The GDPR: Who, What, Where, & When?
The European Parliament has recently voted to approve the long-awaited General Data Protection Regulation (GDPR). The bill was drafted in 2012 and passed with the EU’s Committee on Civil Liberties, Justice and Home Affairs with a 54-3 vote (with one abstention) in April 2016.
The GDPR replaces 28 European national laws with one central EU law. Parliament is lauding this as a positive change for companies, noting the change improves trust between citizens and businesses and simplifies the regulation process.
Why is it important?
The data protection legislation signals a major shift for privacy laws in the EU and has significant and important implications for businesses, third parties, and citizens.
The law is extremely broad and covers a lot of ground around data protection and privacy, including:
- “a right to be forgotten,
- ‘clear and affirmative consent’ to the processing of private data by the person concerned,
- a right to transfer your data to another service provider,
- the right to know when your data has been compromised,
- ensuring that privacy policies are explained in clear and understandable language, and
- stronger enforcement and fines up to 4% of firms' total worldwide annual turnover, as a deterrent to breaking the rules.”
The General Data Protection Regulation laws have created obligations to protect personal data on two types of companies: controllers and processors. The GDPR Directive defines a controller as “the person or entity that determines, alone or jointly with others, the purposes and the means of the processing of personal data.” In other words, a controller is a first-party company. A processor is defined as “the person or entity that processes personal data on behalf of the controller,” which makes this entity a third party.
The new laws denote that controllers should work with processors that are able to implement appropriate security measures to protect personal data. It also holds that controllers are to be held liable for their processors’ actions if they do not adhere to the appropriate security standards and a loss of personal data takes place.
When there's so much personal data at risk, the new law also states that there should be systematic monitoring systems in place—both in-house and also on third-party processors; however, the law does little to fully define what these monitoring systems should look like.
Boards need more information about cybersecurity than ever before. Can you present it effectively?
How can EU controllers prepare?
This law is being lauded as a game changer, and preparation for these changes is high priority for nearly every business in the EU.
In a recent Wall Street Journal article, the global privacy officer for Intel, David Hoffman, said the company is concerned about the potentially high fines, noting that “such high sanctions dis-incentivize business and investment.”

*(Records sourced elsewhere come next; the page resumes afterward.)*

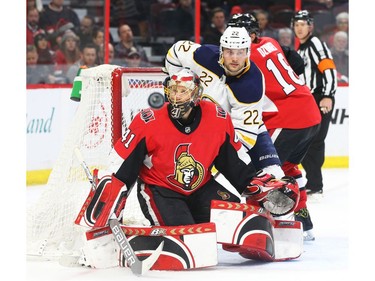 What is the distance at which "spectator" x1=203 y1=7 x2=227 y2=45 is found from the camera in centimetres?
829

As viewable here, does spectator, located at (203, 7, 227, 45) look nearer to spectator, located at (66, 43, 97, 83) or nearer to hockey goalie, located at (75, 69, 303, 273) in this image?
spectator, located at (66, 43, 97, 83)

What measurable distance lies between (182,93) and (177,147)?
0.70ft

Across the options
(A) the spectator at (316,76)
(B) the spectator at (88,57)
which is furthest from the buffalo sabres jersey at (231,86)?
(B) the spectator at (88,57)

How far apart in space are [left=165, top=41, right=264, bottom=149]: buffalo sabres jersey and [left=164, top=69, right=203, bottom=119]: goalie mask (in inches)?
11.7

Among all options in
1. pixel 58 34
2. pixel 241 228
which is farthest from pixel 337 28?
pixel 241 228

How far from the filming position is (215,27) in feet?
27.3

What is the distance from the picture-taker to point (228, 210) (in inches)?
153

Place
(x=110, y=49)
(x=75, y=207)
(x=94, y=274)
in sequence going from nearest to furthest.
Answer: (x=94, y=274)
(x=75, y=207)
(x=110, y=49)

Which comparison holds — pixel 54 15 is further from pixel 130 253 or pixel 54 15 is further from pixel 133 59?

What needs to be done to prepare for these laws is specific to each company and depends on the industry, business relationships, and a number of additional factors. Even so, there are several best practices every EU organization should look into:
Revisit contractual agreements with processors.
Controllers will need to begin revisiting each contractual agreement with their processors to ensure that they are clear in their security expectations to the sufficiency called for in the GDPR. This is a whole-of-company problem, so be sure to involve individuals from your legal and IT security teams to renegotiate your processor contracts. This article further details the data processors’ new obligations—so be sure to give it a read.
Continuously monitor your processors.
Even if your contracts are airtight, you won’t want to sit around and hope your suppliers are taking their security obligations as seriously as you—because if they don’t, you could be liable! So be sure to take a look at continuous monitoring software, so you can ensure your processors are in good standing and be constantly updated with their cybersecurity posture.
Get started right away.
While companies do have a two-year period once the law is published to prepare for compliance, the sanctions that will begin in 2018 will be steep. Begin researching the data protection legislation immediately and implementing the changes necessary at once to avoid potential fines.